The task calls for an exact retyping of the lines from the one holding "You may have" through the end of the listing, with pictures omitted and nothing added.

* SUPPLIED INFORMATION

****************************************

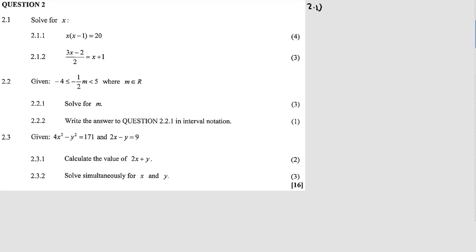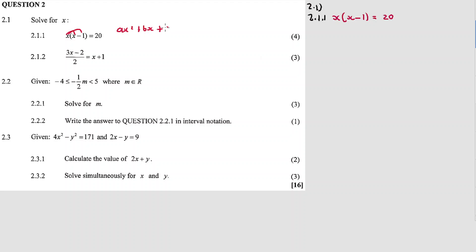Question 2.1.1: x in bracket times x minus 1 equals 20. As mentioned before, this is a quadratic equation. The first thing we're going to do is remove the bracket by multiplying the x inside the bracket, and then express the equation in standard form ax squared plus bx plus c equal to 0, so that we can solve the equation.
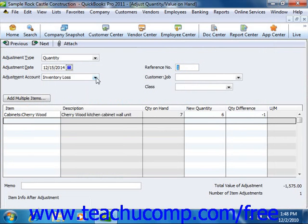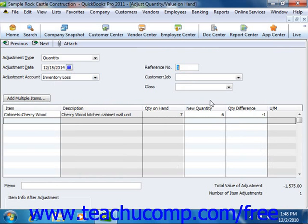You can then input the adjustment date and the adjustment account. When you're finished, just simply save and close the screen to finish the adjustment.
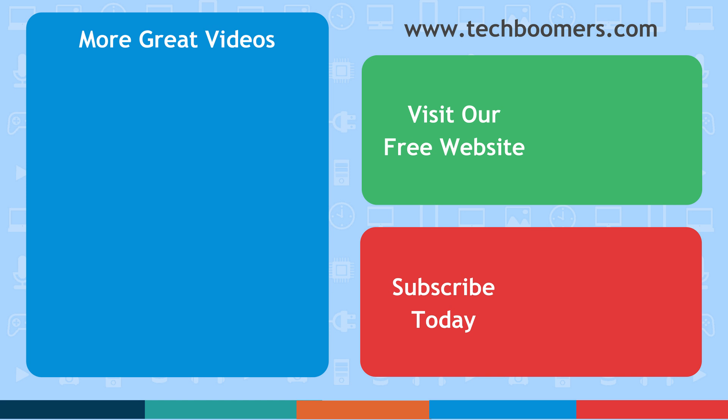If you found this video helpful, we'd love it if you'd hit the thumbs up button below. Check out techboomers.com for over 100 free courses on all of today's most popular websites and apps. Thank you.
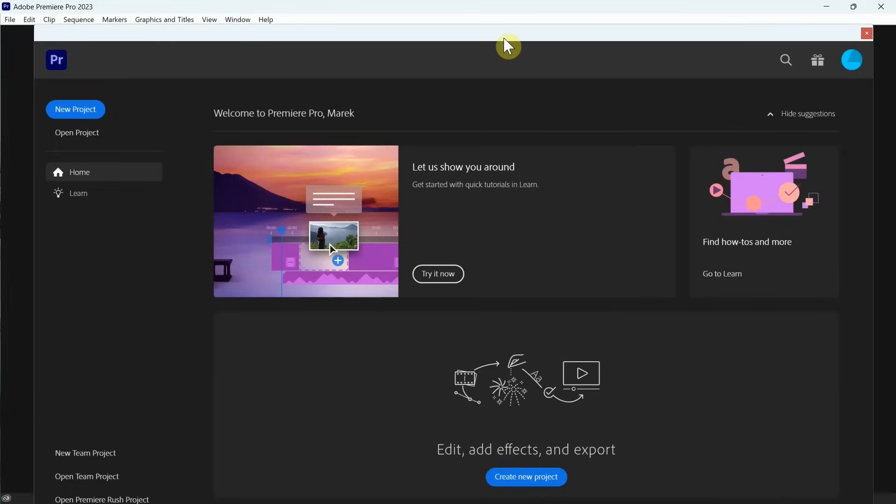You may have seen my other videos where I was testing my previous Surface Pros, Surface Pro 7 Plus and Surface Pro 6 as well. So we're going to see what kind of performance we can get from the latest one at the moment, Surface Pro 9.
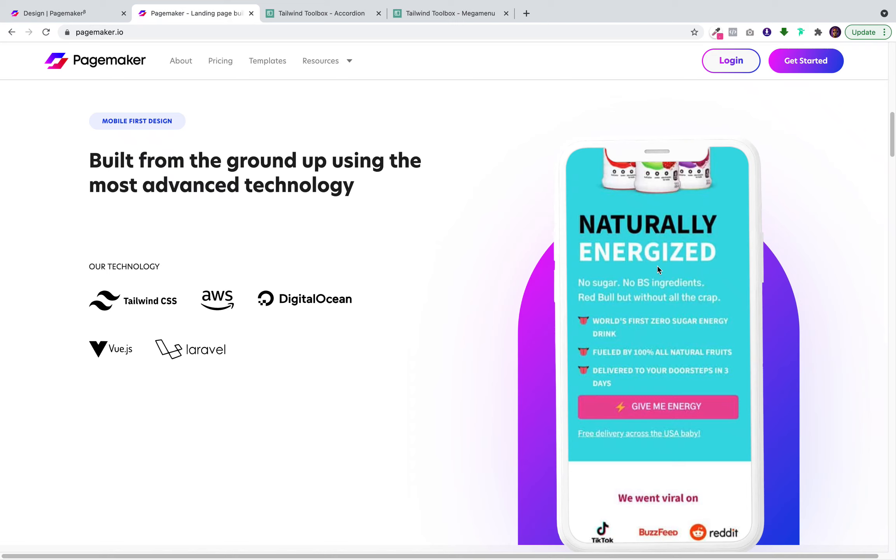Hello everyone, this is Seth with PageMaker and today I am back with another how-to video. In this video, I'm going to show you how to add custom Tailwind CSS to PageMaker.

****************************************

* SOLUTION TO THIS PROBLEM
You may have seen my other videos where I was testing my previous Surface Pros, Surface Pro 7 Plus and Surface Pro 6 as well. So we're going to see what kind of performance we can get from the latest one at the moment, Surface Pro 9.
Hello everyone, this is Seth with PageMaker and today I am back with another how-to video. In this video, I'm going to show you how to add custom Tailwind CSS to PageMaker.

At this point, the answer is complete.